Given data START
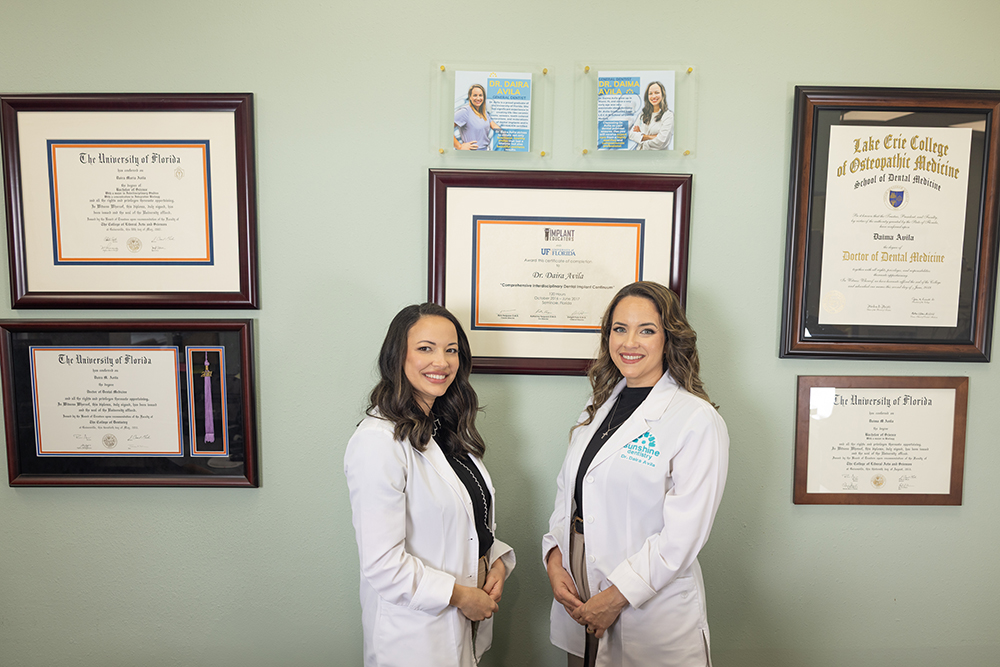  Our Expert Tampa Dentists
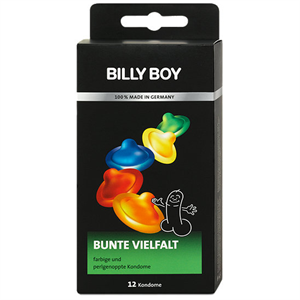 Billy Boy - Colores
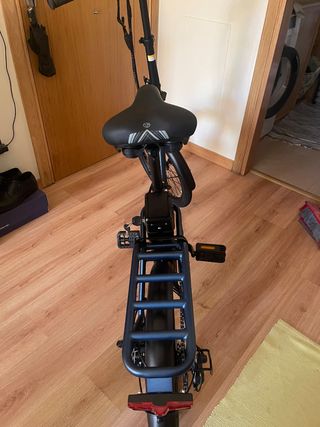 Bicicleta eléctrica (Youin Amsterdam)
Given data END
Required action
When you repeat the lines above, keep them exact and leave out each image they contain.

Finished exercise
  Our Expert Tampa Dentists
 Billy Boy - Colores
 Bicicleta eléctrica (Youin Amsterdam)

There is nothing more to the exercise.